Don’t get me wrong, we do need to examine ourselves – Paul’s not advocating that we never allow the Spirit to shine the light on our hearts and reveal things that we need to bring to the Lord in repentance. Psalm 139 says Search me, O God, and know my heart! Try me and know my thoughts! And see if there be any grievous way in me, and lead me in the way everlasting. But even in that, we’re asking God to search us, and lead us. A little introspection goes a long way. 

There is, Paul reminds us, a day coming when the Lord will bring everything into the light. Everything that is now hidden will be revealed, and the very motives of our hearts will be disclosed. Judgment day will shine a light such as we have never experienced, when the very motives, the very undercurrents of our hearts will be seen for what they are. Not only what we did will be seen and evaluated, but why we did it will be brought into light so it will be clear to the Lord and to all what motivated us.

That sounds pretty scary to me. I don’t relish the idea of having every single thing I’ve ever done and every motive, every heart impulse I’ve done it with being played on an IMAX screen for all to see. But Paul doesn’t frame that day as a “gotcha” moment for the believer. He frames it as a positive: Then each one will receive his commendation from God. That’s not to say some won’t be rebuked – there is a warning to be ready for that day implied in these verses. But mostly the believer lives in expectancy that, as we live in the goodness of the gospel, as we live in God’s forgiveness and grace, as we live in the confidence that we are justified and righteous in God’s sight, as we live in the power of the Spirit enabling us to grow and obey, as we live in the desire to honor and please God with our lives, we can look forward to that day as a day of commendation. Not because we deserve it, but because God gives us what we don’t deserve. That’s what grace does: we deserve condemnation from God, we receive commendation from God. 

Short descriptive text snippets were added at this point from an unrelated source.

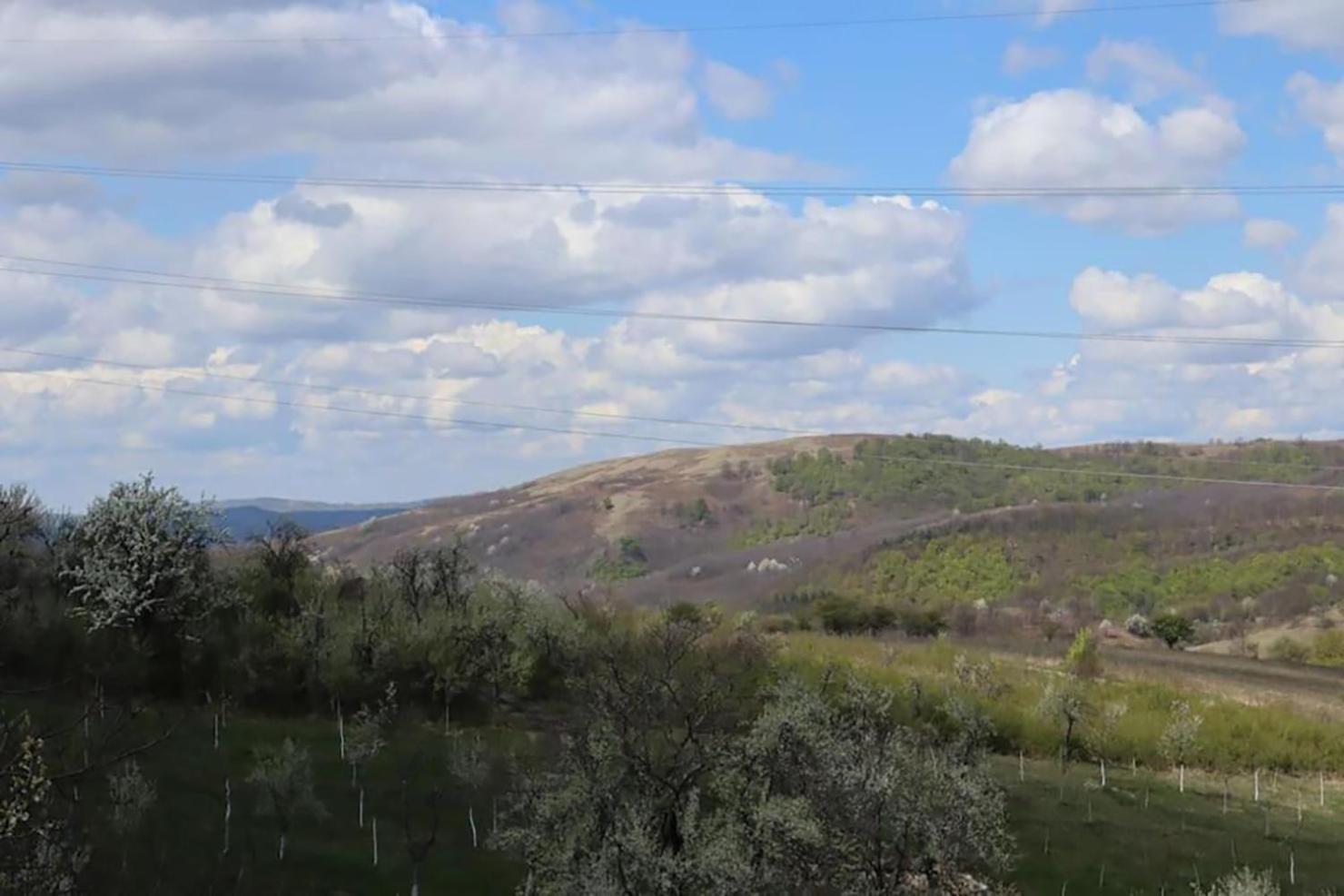 Salas U Bregu In Cheile Carasului Crasova Luaran gambar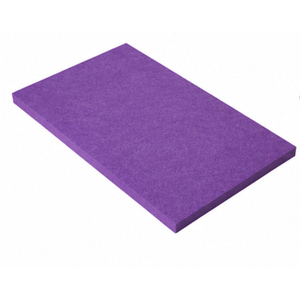 Panneaux acoustiques SwamiG TradeX en fibre de polyester 100% haute densité (NRC 0.8) Isolation phonique Design moderne Options colorées Plus de 5 - Product Image 3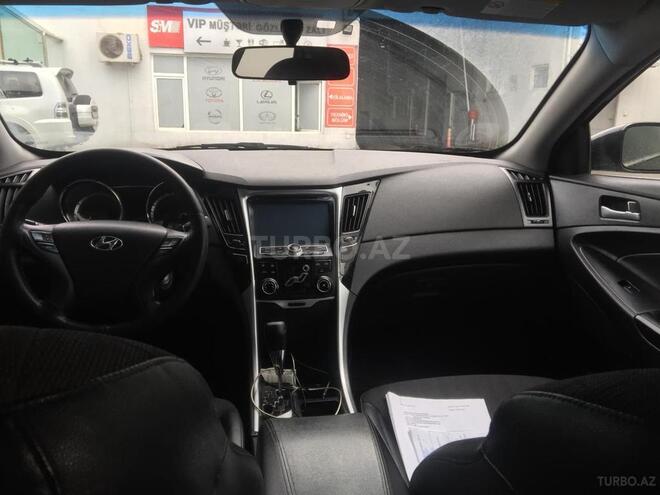 Hyundai Sonata 2010, 185,800 km - 2.4 l - Bakı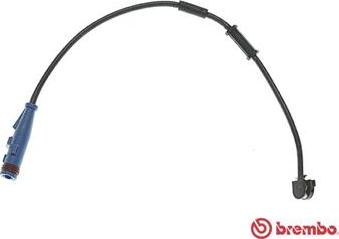 Brembo A 00 255 - Warning Contact, brake pad wear www.parts5.com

Next week we’ll finish out this chapter with a cousin message called Pride and Perspective, but pride and prejudice can sideline us from God’s great work by seating us in the judge’s box instead of being out on the field where we belong. Like the Corinthians pride would have us become judges evaluating how things should be done, rather than fellow laborers doing what God wants done. God hasn’t called us to be judges; He’s called us to be faithful. He’s called us to be servants of Christ. Not in order to be saved, but because we are saved. Not in order to be accepted but because we are accepted. Not in order to avoid condemnation but because of His loving grace we can eagerly work for, and look forward to, His commendation.